▽

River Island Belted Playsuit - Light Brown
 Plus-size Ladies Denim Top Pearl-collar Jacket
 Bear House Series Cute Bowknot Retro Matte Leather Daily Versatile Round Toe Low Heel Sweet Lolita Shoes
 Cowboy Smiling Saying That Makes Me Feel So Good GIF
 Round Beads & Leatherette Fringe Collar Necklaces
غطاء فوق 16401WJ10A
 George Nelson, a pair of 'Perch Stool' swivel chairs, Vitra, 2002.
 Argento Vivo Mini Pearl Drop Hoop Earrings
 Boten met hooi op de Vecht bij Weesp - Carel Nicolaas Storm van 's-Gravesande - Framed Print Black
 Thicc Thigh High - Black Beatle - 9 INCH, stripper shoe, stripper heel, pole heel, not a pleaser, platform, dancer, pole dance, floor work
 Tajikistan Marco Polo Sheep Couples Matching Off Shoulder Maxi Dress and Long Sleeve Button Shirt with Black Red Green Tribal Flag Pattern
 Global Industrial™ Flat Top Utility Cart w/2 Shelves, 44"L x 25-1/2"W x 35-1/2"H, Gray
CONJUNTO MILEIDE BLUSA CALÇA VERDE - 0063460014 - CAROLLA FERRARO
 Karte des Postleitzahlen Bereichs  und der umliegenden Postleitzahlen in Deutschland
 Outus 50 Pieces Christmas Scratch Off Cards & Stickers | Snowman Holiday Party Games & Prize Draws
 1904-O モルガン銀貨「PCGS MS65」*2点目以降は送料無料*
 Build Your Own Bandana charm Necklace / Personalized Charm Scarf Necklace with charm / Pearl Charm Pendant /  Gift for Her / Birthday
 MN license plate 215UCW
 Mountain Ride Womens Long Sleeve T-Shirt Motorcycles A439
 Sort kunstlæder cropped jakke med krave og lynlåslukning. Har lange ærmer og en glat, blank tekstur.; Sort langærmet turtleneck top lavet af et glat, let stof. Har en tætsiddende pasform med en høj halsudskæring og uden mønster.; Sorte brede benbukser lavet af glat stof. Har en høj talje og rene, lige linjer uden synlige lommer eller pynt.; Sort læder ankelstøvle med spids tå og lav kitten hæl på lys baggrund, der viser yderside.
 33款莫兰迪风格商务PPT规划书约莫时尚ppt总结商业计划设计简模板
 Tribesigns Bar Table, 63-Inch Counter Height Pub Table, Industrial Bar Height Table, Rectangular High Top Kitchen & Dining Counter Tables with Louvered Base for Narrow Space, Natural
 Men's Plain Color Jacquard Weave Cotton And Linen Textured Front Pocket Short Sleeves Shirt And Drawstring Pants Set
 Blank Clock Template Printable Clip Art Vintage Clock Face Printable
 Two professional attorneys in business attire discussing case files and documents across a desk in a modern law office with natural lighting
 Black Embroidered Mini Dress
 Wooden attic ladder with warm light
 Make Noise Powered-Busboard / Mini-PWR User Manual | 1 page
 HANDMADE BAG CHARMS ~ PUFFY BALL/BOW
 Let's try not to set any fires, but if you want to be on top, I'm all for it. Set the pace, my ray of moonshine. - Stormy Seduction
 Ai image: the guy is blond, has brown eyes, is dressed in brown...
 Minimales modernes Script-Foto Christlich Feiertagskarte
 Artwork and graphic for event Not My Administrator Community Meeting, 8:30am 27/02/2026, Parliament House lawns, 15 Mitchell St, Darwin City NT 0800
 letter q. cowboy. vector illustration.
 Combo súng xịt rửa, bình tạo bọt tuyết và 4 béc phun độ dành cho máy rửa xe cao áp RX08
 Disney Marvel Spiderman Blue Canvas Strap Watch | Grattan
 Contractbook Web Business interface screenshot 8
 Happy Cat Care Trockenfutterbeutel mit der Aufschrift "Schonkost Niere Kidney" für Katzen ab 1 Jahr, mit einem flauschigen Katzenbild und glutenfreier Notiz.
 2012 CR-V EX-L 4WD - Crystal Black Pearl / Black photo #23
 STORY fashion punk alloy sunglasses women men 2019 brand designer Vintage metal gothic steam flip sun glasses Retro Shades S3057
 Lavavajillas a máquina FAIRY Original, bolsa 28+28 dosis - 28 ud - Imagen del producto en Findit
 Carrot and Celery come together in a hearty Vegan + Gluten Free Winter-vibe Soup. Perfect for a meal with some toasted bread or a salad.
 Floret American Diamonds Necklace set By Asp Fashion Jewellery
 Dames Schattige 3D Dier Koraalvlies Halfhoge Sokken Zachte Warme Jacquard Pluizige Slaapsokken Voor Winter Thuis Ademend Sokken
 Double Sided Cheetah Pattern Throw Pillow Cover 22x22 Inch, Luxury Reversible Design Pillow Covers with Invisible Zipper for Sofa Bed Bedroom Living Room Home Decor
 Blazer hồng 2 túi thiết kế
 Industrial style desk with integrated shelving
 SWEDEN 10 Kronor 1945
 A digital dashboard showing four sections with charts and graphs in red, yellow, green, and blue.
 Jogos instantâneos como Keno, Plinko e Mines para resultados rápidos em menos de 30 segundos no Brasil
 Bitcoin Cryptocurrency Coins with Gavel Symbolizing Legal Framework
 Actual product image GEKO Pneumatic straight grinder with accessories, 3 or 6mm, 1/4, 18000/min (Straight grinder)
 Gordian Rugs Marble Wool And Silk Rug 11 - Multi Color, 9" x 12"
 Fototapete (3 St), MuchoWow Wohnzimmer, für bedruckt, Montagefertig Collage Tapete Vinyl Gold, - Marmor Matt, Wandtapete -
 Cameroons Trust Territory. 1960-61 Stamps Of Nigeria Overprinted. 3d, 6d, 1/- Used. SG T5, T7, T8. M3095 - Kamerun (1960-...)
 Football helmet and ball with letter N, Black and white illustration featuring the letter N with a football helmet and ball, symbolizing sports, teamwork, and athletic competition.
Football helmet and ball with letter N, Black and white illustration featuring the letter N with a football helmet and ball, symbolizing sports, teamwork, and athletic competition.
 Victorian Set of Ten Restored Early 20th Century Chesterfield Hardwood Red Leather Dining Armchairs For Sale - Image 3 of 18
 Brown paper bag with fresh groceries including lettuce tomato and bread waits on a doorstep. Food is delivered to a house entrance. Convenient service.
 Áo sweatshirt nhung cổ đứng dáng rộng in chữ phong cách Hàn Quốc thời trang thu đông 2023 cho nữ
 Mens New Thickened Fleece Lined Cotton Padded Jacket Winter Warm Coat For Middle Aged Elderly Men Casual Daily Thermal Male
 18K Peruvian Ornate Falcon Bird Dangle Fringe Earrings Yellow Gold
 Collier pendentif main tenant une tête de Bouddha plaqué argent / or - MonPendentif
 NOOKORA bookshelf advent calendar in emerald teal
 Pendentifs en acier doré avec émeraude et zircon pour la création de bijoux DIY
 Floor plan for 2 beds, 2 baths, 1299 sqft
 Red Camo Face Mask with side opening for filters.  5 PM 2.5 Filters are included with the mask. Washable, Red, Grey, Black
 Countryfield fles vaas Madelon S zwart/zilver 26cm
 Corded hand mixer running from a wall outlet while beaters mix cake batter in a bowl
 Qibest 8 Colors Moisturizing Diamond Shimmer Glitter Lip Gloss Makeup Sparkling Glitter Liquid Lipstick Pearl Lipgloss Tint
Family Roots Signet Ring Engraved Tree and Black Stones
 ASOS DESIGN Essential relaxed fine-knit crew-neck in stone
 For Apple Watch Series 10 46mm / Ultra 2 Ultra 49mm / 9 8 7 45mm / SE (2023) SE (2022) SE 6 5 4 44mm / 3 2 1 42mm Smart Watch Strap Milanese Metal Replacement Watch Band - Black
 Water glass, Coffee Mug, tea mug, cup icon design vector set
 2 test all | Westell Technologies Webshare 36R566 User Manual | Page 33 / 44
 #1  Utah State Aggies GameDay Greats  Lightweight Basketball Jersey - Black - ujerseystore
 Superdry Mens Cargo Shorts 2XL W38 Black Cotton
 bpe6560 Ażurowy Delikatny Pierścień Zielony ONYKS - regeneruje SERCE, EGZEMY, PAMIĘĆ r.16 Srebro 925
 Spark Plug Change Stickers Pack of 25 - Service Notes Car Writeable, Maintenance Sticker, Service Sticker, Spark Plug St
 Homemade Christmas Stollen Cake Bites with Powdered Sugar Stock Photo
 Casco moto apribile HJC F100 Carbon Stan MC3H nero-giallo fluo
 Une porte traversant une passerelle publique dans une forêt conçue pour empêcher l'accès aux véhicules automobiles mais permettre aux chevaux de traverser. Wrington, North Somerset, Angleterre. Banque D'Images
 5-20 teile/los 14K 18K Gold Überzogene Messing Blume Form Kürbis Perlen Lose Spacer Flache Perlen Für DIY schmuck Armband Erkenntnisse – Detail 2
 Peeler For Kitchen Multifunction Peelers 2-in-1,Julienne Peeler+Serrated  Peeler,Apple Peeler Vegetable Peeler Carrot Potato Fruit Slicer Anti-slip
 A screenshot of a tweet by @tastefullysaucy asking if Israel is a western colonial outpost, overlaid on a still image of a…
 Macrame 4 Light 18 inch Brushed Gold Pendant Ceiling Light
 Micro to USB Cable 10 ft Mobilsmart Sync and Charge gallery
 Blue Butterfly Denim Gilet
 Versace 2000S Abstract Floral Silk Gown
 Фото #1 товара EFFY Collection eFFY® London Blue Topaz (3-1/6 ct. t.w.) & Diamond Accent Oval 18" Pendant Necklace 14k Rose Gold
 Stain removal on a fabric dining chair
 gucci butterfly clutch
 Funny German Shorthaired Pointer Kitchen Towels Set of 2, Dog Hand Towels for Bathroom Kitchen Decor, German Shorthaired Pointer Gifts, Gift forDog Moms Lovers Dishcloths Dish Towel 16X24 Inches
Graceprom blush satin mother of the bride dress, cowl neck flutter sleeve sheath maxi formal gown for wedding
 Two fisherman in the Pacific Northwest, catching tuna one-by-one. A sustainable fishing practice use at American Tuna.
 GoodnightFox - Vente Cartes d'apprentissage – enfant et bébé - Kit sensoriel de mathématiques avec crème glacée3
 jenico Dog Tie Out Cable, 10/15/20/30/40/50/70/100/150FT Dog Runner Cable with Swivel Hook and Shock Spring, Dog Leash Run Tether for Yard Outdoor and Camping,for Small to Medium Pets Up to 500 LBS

△

Assignment >> Search the listing above for the lines with "Happy Cat Care" and "Lavavajillas a máquina", then output those lines and all lines between them exactly.

Answer to the problem >>
 Happy Cat Care Trockenfutterbeutel mit der Aufschrift "Schonkost Niere Kidney" für Katzen ab 1 Jahr, mit einem flauschigen Katzenbild und glutenfreier Notiz.
 2012 CR-V EX-L 4WD - Crystal Black Pearl / Black photo #23
 STORY fashion punk alloy sunglasses women men 2019 brand designer Vintage metal gothic steam flip sun glasses Retro Shades S3057
 Lavavajillas a máquina FAIRY Original, bolsa 28+28 dosis - 28 ud - Imagen del producto en Findit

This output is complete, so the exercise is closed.